Is Sugarcandy Mountain a metaphor or symbol for heaven?
As described by Moses, Sugarcandy Mountain does, indeed, seem to be likened to heaven.
In Chapter 2 of Animal Farm after the death of Major, the animals hold secret meetings while Mr. Jones sleeps, discussing the possibility of revolution. In her simplicity Mollie, the white mare, asks, "Will there still be sugar after the Rebellion?" Thus, at least for her, sugar represents a delicacy and pure happiness. Later on, Moses, "Mr. Jones's especial pet," who, perhaps, represents Rasputin, the religious ascetic and mystic healer who was the confidant of the Czarina Alexandra, tells the animals about the existence of "a mysterious country" called Sugarcandy Mountain where animals go after they die. So, it would seem that this paradise does symbolize heaven.
It was situated somewhere up in the sky, a little distance beyond the clouds, Moses said. In Sugarcandy Mountain it was Sunday seven days a week, clover was in season all the year round,[also very sweet] and lump sugar and linseed cake grew on the hedges.
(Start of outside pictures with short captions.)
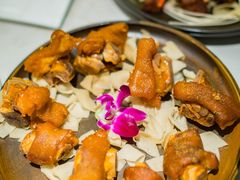 -香香海南菜餐厅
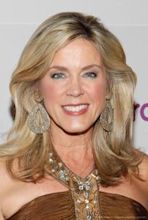 Deborah Norville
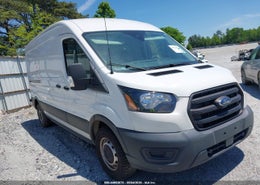 2020 Ford Transit-250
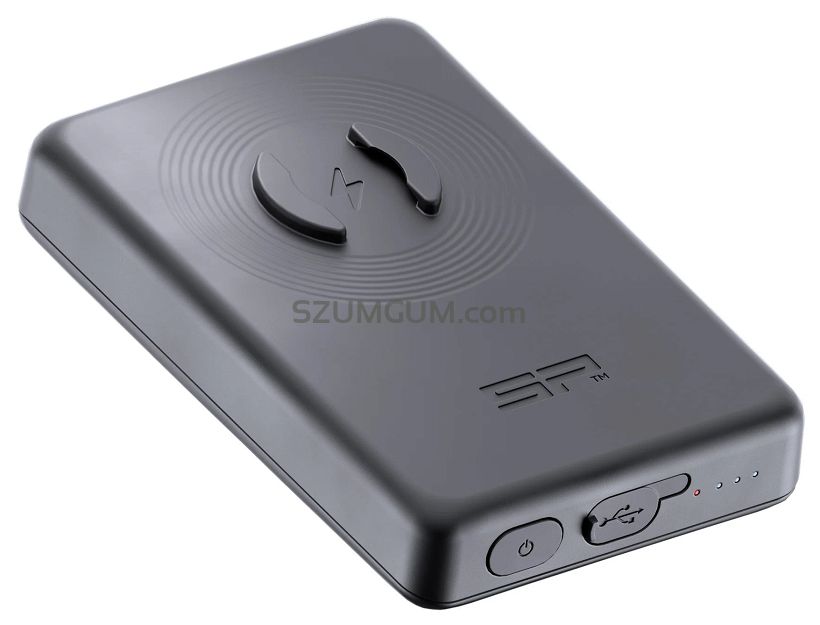 Powerbank bezprzewodowy SP Connect+ Charging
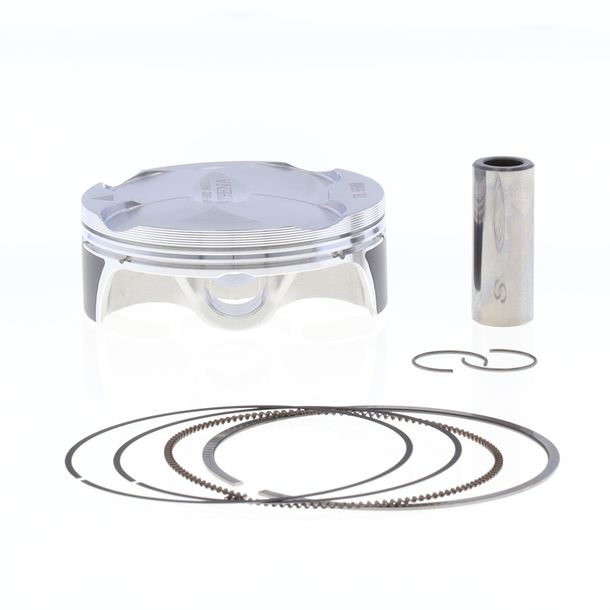 Piston kit Athena 250cc (A), d.78.95mm forged for Honda CRF 250 R 18-19/CRF 250 RX 19 (for original cylinder)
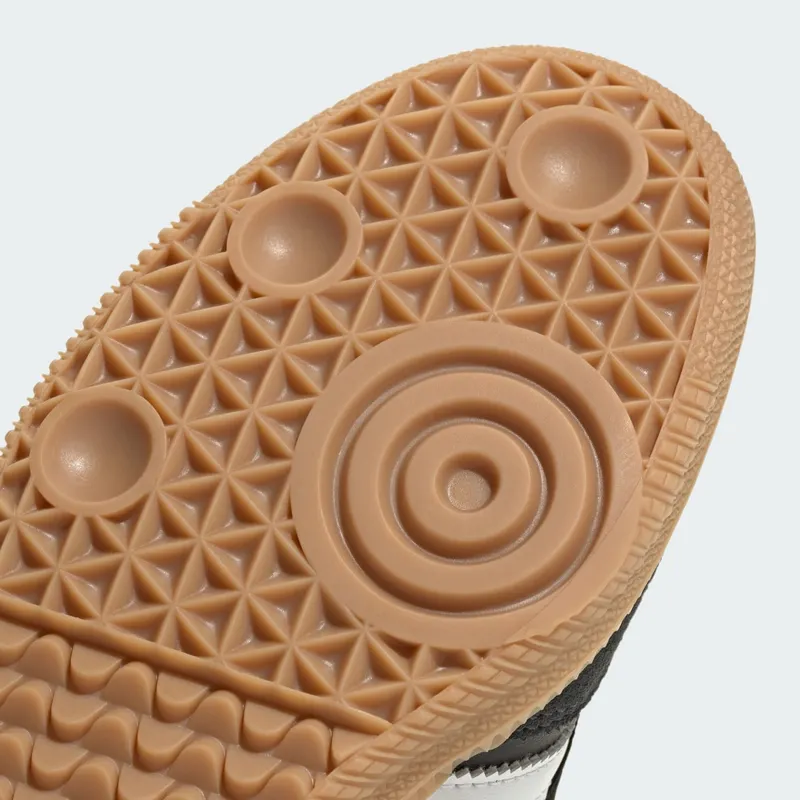adidas-samba JR7437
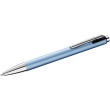 Pelikan Kugelschreiber Snap Metalic K10 Frostblau im Etui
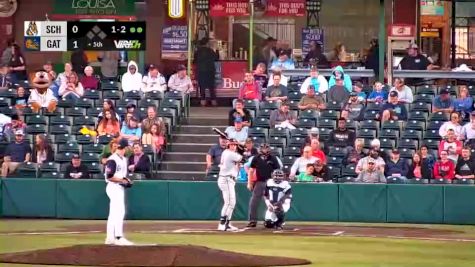 Replay: Home - 2023 Schaumburg vs Gateway | May 16 @ 7 PM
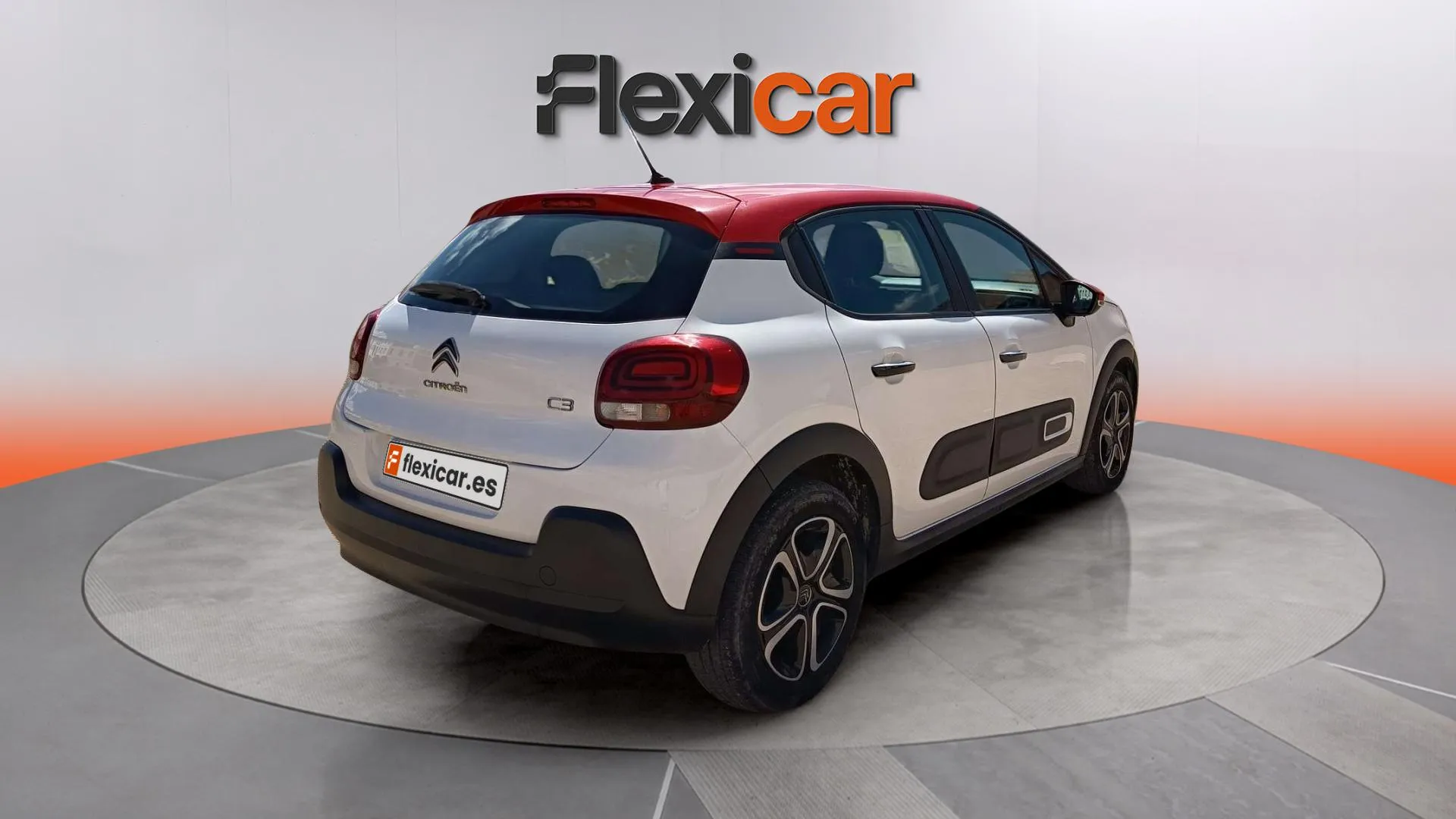 Citroën C3 PureTech Feel Pack - foto 7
Also, as the leaders of the revolution, the pigs make efforts to "counteract the lies put out by Moses." This action parallels the efforts of the Russian Revolution to do away with religion, especially the Russian Orthodox Church, which had a strong influence on the people as "the opiate of the people." Of course, within the Christian religions such as the Russian Orthodox there is the belief in heaven, a mystical place of happiness.